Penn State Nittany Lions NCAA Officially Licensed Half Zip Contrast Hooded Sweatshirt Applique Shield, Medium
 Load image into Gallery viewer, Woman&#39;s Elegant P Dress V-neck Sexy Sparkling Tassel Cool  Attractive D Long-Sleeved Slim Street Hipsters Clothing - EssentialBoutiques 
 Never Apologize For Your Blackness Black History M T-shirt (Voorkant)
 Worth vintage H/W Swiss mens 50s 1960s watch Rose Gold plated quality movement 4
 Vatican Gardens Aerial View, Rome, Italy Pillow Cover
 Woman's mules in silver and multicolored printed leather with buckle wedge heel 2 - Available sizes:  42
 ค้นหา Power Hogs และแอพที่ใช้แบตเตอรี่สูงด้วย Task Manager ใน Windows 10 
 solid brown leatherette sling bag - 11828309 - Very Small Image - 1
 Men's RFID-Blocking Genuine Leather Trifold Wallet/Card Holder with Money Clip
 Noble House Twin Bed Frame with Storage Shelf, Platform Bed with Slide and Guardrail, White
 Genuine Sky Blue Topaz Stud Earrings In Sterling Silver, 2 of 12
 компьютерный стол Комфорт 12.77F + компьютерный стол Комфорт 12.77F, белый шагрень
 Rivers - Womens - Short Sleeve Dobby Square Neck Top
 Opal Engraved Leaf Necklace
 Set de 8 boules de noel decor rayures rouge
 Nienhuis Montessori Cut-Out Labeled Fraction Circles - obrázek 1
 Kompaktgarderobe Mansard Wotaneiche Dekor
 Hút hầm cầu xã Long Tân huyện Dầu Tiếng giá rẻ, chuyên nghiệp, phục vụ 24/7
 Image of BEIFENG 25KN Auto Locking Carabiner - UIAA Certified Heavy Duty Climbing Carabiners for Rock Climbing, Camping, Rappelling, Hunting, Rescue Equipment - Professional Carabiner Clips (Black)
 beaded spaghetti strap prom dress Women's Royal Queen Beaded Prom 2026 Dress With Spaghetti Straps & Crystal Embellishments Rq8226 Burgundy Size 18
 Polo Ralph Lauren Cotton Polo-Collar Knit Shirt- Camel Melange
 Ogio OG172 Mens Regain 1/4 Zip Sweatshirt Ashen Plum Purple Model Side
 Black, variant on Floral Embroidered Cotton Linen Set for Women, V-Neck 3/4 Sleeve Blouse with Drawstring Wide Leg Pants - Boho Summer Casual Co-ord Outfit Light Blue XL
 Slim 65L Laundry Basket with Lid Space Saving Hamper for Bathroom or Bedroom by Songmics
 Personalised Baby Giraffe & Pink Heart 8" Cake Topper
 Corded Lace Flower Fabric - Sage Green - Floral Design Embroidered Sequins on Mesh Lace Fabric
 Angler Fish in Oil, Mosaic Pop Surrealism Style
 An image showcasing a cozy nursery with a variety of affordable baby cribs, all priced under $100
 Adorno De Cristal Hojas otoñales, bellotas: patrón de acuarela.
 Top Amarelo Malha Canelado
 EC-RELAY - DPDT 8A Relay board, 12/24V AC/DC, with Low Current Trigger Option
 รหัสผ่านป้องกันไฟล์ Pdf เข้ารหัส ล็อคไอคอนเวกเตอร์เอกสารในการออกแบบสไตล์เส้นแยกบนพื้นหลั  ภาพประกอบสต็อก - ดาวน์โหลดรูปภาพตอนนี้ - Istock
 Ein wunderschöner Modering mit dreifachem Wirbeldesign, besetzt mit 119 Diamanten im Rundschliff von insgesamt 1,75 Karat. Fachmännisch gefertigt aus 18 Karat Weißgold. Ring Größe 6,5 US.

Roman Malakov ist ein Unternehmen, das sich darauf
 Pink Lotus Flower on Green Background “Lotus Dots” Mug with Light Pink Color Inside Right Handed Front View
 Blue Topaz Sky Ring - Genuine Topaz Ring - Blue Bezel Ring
********
◆ **TASK BRIEF**: Repeat each entry exactly as it was given.

◆ **RESULT OF THIS TASK**:
Penn State Nittany Lions NCAA Officially Licensed Half Zip Contrast Hooded Sweatshirt Applique Shield, Medium
 Load image into Gallery viewer, Woman&#39;s Elegant P Dress V-neck Sexy Sparkling Tassel Cool  Attractive D Long-Sleeved Slim Street Hipsters Clothing - EssentialBoutiques 
 Never Apologize For Your Blackness Black History M T-shirt (Voorkant)
 Worth vintage H/W Swiss mens 50s 1960s watch Rose Gold plated quality movement 4
 Vatican Gardens Aerial View, Rome, Italy Pillow Cover
 Woman's mules in silver and multicolored printed leather with buckle wedge heel 2 - Available sizes:  42
 ค้นหา Power Hogs และแอพที่ใช้แบตเตอรี่สูงด้วย Task Manager ใน Windows 10 
 solid brown leatherette sling bag - 11828309 - Very Small Image - 1
 Men's RFID-Blocking Genuine Leather Trifold Wallet/Card Holder with Money Clip
 Noble House Twin Bed Frame with Storage Shelf, Platform Bed with Slide and Guardrail, White
 Genuine Sky Blue Topaz Stud Earrings In Sterling Silver, 2 of 12
 компьютерный стол Комфорт 12.77F + компьютерный стол Комфорт 12.77F, белый шагрень
 Rivers - Womens - Short Sleeve Dobby Square Neck Top
 Opal Engraved Leaf Necklace
 Set de 8 boules de noel decor rayures rouge
 Nienhuis Montessori Cut-Out Labeled Fraction Circles - obrázek 1
 Kompaktgarderobe Mansard Wotaneiche Dekor
 Hút hầm cầu xã Long Tân huyện Dầu Tiếng giá rẻ, chuyên nghiệp, phục vụ 24/7
 Image of BEIFENG 25KN Auto Locking Carabiner - UIAA Certified Heavy Duty Climbing Carabiners for Rock Climbing, Camping, Rappelling, Hunting, Rescue Equipment - Professional Carabiner Clips (Black)
 beaded spaghetti strap prom dress Women's Royal Queen Beaded Prom 2026 Dress With Spaghetti Straps & Crystal Embellishments Rq8226 Burgundy Size 18
 Polo Ralph Lauren Cotton Polo-Collar Knit Shirt- Camel Melange
 Ogio OG172 Mens Regain 1/4 Zip Sweatshirt Ashen Plum Purple Model Side
 Black, variant on Floral Embroidered Cotton Linen Set for Women, V-Neck 3/4 Sleeve Blouse with Drawstring Wide Leg Pants - Boho Summer Casual Co-ord Outfit Light Blue XL
 Slim 65L Laundry Basket with Lid Space Saving Hamper for Bathroom or Bedroom by Songmics
 Personalised Baby Giraffe & Pink Heart 8" Cake Topper
 Corded Lace Flower Fabric - Sage Green - Floral Design Embroidered Sequins on Mesh Lace Fabric
 Angler Fish in Oil, Mosaic Pop Surrealism Style
 An image showcasing a cozy nursery with a variety of affordable baby cribs, all priced under $100
 Adorno De Cristal Hojas otoñales, bellotas: patrón de acuarela.
 Top Amarelo Malha Canelado
 EC-RELAY - DPDT 8A Relay board, 12/24V AC/DC, with Low Current Trigger Option
 รหัสผ่านป้องกันไฟล์ Pdf เข้ารหัส ล็อคไอคอนเวกเตอร์เอกสารในการออกแบบสไตล์เส้นแยกบนพื้นหลั  ภาพประกอบสต็อก - ดาวน์โหลดรูปภาพตอนนี้ - Istock
 Ein wunderschöner Modering mit dreifachem Wirbeldesign, besetzt mit 119 Diamanten im Rundschliff von insgesamt 1,75 Karat. Fachmännisch gefertigt aus 18 Karat Weißgold. Ring Größe 6,5 US.

Roman Malakov ist ein Unternehmen, das sich darauf
 Pink Lotus Flower on Green Background “Lotus Dots” Mug with Light Pink Color Inside Right Handed Front View
 Blue Topaz Sky Ring - Genuine Topaz Ring - Blue Bezel Ring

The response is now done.